Negli ultimi anni di vita si impegnò, come molti veterani del Risorgimento, a monumentalizzare la propria esperienza. Pubblicò le memorie sulla lotta politica beneventana (Memorie politiche di Benevento dalla rivoluzione del 1799 alla rivoluzione del 1860, Benevento 1899), ultima testimonianza di uno stretto rapporto fra storia locale e costruzione della nazione italiana.
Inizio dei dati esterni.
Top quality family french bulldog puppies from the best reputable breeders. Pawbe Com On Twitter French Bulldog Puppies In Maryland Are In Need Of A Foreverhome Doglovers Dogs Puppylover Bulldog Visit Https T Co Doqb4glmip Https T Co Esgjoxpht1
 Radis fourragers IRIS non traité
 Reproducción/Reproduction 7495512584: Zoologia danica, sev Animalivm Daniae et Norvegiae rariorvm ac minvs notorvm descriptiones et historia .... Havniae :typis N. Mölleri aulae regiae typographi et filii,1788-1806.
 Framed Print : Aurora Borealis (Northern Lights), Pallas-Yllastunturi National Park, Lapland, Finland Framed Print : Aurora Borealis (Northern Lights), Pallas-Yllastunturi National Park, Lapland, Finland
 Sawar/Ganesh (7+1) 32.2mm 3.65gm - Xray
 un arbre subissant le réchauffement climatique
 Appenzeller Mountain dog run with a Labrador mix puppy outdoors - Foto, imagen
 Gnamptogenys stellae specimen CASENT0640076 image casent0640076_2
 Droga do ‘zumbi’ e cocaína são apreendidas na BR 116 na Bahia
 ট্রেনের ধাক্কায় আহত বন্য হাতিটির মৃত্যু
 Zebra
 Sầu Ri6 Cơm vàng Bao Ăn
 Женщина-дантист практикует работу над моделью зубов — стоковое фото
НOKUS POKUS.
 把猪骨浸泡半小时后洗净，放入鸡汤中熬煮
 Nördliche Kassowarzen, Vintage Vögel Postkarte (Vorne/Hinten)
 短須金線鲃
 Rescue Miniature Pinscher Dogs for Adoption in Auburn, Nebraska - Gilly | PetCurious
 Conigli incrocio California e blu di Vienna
Morì a Benevento il 30 marzo 1915.
Fonti e Bibl.: Fondamentali per la ricostruzione del percorso biografico di Rampone sono le sue citate Memorie politiche e l’opuscolo autografo Ricordi agli elettori politici dell’8 e 15 novembre 1874, s.l. 1874. Inoltre: R. De Cesare, La fine di un Regno, II, Città di Castello 1909, pp. 343 s.; M. Barricelli, S. R. presidente del governo provvisorio nel 1860, in Rivista storica del Sannio, II (1915), 3, pp. 185-192; A. Zazo, Per S. R. Ricordo delle onoranze tributategli in Benevento il 2 giugno 1925, Benevento 1925; Id., Il Sannio nella rivoluzione del 1860. I Cacciatori Irpini, Benevento 1927, pp. 10, 32 s. 49; Id., Il Sannio e l’Irpinia nella rivoluzione unitaria, in Archivio storico per le province napoletane, n.s., XL (1961), 79, pp. 161-184; F. Romano, Le vicende del Sannio storico e la provincia di Benevento nella rivoluzione meridionale, Benevento 1953, ad ind.; G. Vergineo, Storia di Benevento e dintorni, III, Benevento 1987, ad ind.; E. De Rimini, Storia della stampa sannita, Benevento 1997, pp. 44-46; Uomini eccellenti. La ritrattistica risorgimentale nel Museo del Sannio, Roma 2000, pp. 29, 46, 69; C. Pinto, La rivoluzione disciplinata del 1860. Cambio di regime ed élite politiche nel Mezzogiorno italiano, in Contemporanea. Rivista di storia dell’800 e del ’900, XVI (2013), 1, pp. 39-68.